Bisogna lavorare per un futuro che sia «insieme agli altri, non contro gli altri». Un vecchio proverbio congolese dice, con efficacia che «la vera ricchezza sono le persone e le buone relazioni con loro. In modo speciale le religioni, con il loro patrimonio di sapienza, sono chiamate a contribuirvi, nel quotidiano sforzo di rinunciare a ogni aggressività, proselitismo e costrizione, mezzi indegni della libertà umana».

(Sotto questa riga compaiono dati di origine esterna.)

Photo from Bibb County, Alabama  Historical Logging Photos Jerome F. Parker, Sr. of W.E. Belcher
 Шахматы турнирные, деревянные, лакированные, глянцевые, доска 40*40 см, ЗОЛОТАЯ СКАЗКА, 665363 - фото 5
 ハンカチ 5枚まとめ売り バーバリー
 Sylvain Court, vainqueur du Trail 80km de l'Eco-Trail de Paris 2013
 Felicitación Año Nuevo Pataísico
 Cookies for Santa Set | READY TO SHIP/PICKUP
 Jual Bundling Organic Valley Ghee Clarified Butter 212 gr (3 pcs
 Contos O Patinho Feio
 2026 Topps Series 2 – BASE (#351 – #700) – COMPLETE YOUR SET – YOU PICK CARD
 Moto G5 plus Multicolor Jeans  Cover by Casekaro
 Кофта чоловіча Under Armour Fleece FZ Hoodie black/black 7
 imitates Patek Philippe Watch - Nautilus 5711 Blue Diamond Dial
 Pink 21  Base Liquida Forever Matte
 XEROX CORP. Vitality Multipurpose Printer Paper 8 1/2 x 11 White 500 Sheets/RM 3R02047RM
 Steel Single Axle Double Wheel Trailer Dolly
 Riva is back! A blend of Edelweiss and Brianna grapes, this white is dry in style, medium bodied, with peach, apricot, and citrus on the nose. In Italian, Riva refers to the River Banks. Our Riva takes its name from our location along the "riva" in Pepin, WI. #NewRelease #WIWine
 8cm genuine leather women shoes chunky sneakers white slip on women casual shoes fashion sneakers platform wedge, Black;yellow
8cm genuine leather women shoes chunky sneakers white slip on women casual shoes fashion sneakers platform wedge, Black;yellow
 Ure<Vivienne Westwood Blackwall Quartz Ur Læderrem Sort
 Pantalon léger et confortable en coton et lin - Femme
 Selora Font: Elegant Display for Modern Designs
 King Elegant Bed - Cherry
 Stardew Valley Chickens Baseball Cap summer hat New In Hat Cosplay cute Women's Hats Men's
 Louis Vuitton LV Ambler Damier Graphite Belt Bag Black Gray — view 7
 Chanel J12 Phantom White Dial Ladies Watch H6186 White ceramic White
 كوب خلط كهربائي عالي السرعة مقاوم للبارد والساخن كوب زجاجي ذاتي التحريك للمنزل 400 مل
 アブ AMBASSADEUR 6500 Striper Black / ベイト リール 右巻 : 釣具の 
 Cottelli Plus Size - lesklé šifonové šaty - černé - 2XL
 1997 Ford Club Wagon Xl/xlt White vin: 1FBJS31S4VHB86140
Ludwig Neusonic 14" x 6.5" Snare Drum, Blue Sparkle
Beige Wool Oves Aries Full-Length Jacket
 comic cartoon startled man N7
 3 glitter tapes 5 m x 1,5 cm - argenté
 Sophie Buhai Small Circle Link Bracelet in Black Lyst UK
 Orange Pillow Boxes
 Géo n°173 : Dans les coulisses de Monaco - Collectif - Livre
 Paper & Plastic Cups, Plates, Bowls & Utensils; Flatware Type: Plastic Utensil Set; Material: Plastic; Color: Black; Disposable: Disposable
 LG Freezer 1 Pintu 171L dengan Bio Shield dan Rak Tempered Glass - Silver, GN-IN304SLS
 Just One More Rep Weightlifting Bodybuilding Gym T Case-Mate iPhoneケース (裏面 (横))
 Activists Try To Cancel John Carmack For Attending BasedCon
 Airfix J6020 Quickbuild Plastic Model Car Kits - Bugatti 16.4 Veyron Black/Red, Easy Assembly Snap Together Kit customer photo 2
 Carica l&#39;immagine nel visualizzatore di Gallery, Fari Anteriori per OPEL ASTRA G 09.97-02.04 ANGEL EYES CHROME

Una responsabilità enorme l’hanno le istituzioni: «Chi detiene responsabilità civili e di governo è dunque chiamato a operare con limpidezza cristallina, vivendo l’incarico ricevuto come un mezzo per servire la società. Il potere, infatti, ha senso solo se diventa servizio. Quant’è importante operare con questo spirito, fuggendo l’autoritarismo, la ricerca di guadagni facili e l’avidità del denaro». Parla della necessità di favorire «elezioni libere, trasparenti e credibili; estendere ancora di più la partecipazione ai processi di pace alle donne, ai giovani e ai gruppi marginalizzati; ricercare il bene comune e la sicurezza della gente anziché gli interessi personali o di gruppo; rafforzare la presenza dello Stato in ogni parte del territorio; prendersi cura delle tante persone sfollate e rifugiate. Non ci si lasci manipolare né tantomeno comprare da chi vuole mantenere il Paese nella violenza, per sfruttarlo e fare affari vergognosi: ciò porta solo discredito e vergogna, insieme a morte e miseria. Fa bene invece accostarsi alla gente, per rendersi conto di come vive. Le persone si fidano quando sentono che chi le governa è realmente vicino, non per calcolo né per esibizione, ma per servizio». In ogni settore «non bisogna stancarsi di promuovere, in ogni settore, il diritto e l’equità, contrastando l’impunità e la manipolazione delle leggi e dell’informazione». E, infine, come si fa con un diamante grezzo, bisogna essere capaci di lavorare la pietra, «così, anche i diamanti più preziosi della terra congolese, che sono i figli di questa nazione, devono poter usufruire di valide opportunità educative, che consentano loro di mettere pienamente a frutto i brillanti talenti che hanno. L’educazione è fondamentale: è la via per il futuro, la strada da imboccare per raggiungere la piena libertà di questo Paese e del Continente africano». E invece accade che tanti bambini no vadano a scuola e «anziché ricevere una degna istruzione, vengono sfruttati! Troppi muoiono, sottoposti a lavori schiavizzanti nelle miniere. Non si risparmino sforzi per denunciare la piaga del lavoro minorile e porvi fine. Quante ragazze sono emarginate e violate nella loro dignità! I bambini, le fanciulle, i giovani sono la speranza: non permettiamo che venga cancellata, ma coltiviamola con passione!». E, nel denunciare le violenze parla anche della forza di resistenza dei congolesi e invita tutti i cittadini a lavorare per «una ripartenza sociale coraggiosa e inclusiva».